Пьяный человек частенько забредает и в прозу Сергея Щербакова. Он благодушно описывает хитрости ради выпивки своих деревенских соседей. И хотя писатель избегает интонации осуждения, без излишней откровенности рассказывая и о своей пьяной погибели — картина возникает горькая: человек к человеку, рядами выстраиваются погибшие от пьянства русские мужики (друзья и соседи, утонченного образования и простые души). Мертвая «радость» алкоголя оборачивается тихим писательским стоном, когда сами страницы повести кажутся одуряющими и больными. Для писателя подчинение человека зеленому змию, — проблема духовная. И только так увидев ее (в чем он лично убедился), можно начать тяжкую брань борьбы за собственную душу.
Петр Краснов ничуть не приценивается к виноватости пьющего народа, — он рассказал о том, чем заплатили мы за капитализм. И кого-то из модных писателей вполне устраивает тезис, что человек — это «душонка, обремененная трупом». Тогда такой автор «освобождает душу от тела самыми изобретательными и омерзительными способами» (А.Генис) и провоцирует читателя саму жизнь воспринимать как фильм ужасов. Казалось бы, и у Краснова, и у иных (модных) можно обнаружить общий посыл: жизнь вокруг не есть подлинное бытие, но мотивации ее неподлинности существенно разные. Модным «словесникам» выдать «религиозную эмоцию» ничего не стоит — можно рассказать читателю (холя и лелея свое тело, питая его в дорогих ресторациях), что избавиться от «фальшивой плотской жизни» очень даже хорошо, «вырваться из тела» — очень правильно, т. к. сохранишь душу «для каких-то иных подлинных существований».

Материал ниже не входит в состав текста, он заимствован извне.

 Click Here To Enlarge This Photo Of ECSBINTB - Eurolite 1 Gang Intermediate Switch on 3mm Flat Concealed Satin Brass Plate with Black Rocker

Краснов, как Агеев и Щербаков, уверен, что в земной жизни обязательно присутствие подлинности, что именно человеческая душа, «обремененная высшим светом» является тончайшим улавливателем этой подлинности. И в этом смысле, спрос Еремы с жизни не лишен религиозного требования. Увы, только он, Ерема, об этом не знает, хотя не случайно именно Ерема спасает из огня Федю, деревенского дурачка, вечно жалующегося на то, что «Боженьки нету… Молимся-молимся, а все Его нету…». (Понятно, что речь идет о том, что «Боженьки нету» в людях).